Negli scorsi giorni è stata presentata dal deputato Flavio di Muro l’interrogazione al ministero degli Interni per avere chiarificazioni in merito all’inchiesta sulle lauree facili che hanno coinvolto la Link Campus University e il sindacato Siulp negli anni accademici 2016-2017 e 2017-2018. Sono 71 le persone indagate a vario titolo per la vicenda dei falsi diplomi d’ateneo. Le accuse comprendono associazione a delinque, falsità materiale ed ideologica. Questo è quanto emerso al termine di un’indagine durata due anni e coordinata dal procuratore di Firenze Giuseppe Creazzo e dal procuratore aggiunto Luca Turco. Tra gli indagati spiccano il presidente Vincenzo Scotti, ex ministro della Repubblica, Carlo Cotticelli, già tesoriere romano del PD e attualmente membro dell’assemblea nazionale del partito e i vertici del sindacato di polizia.
Secondo quanto si apprende dalle indagini, gli studenti-agenti del Siulp avevano una corsia preferenziale che gli consentiva di non partecipare alle lezioni, di dare gli esami nella città di residenza e sapendo prima le domande che sarebbero state poste loro durante le prove d’esame. Insomma un vero e proprio inciucio a colpi di esaminatori falsi, esami falsi e falsi certificati di laurea.
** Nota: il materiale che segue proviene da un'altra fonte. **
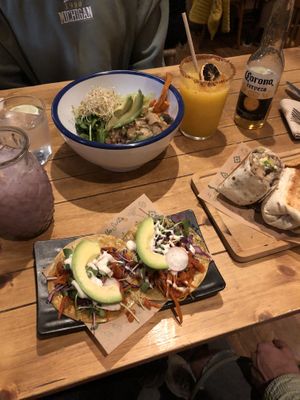 Main  at Gallo Santo in Barcelona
L’ex ministro, già chiacchierato all’epoca del suo ruolo istituzionale, figura come il principale indagato per l’associazione a delinque. Scotti, infatti, sarebbe stato solito recarsi personalmente a Firenze, normalmente in compagnia di un dipendente dell’ateneo, per individuare la sede dove svolgere gli esami e, contestualmente, consegnare le domande ai poliziotti cosi da fargli predisporre le risposte. Ovviamente tutte esatte. Inoltre pare che lo stesso Scotti si facesse chiamare “professore”, qualifica che non gli appartiene considerando che l’ex politico democristiano formalmente dovrebbe essere soltanto un dipendente della Link Campus con la carica di presidente. Non solo, sembrerebbe che il “professore” partenopeo presenziasse agli esami facendo in modo che i verbali fossero redatti dall’effettivo titolare di cattedra.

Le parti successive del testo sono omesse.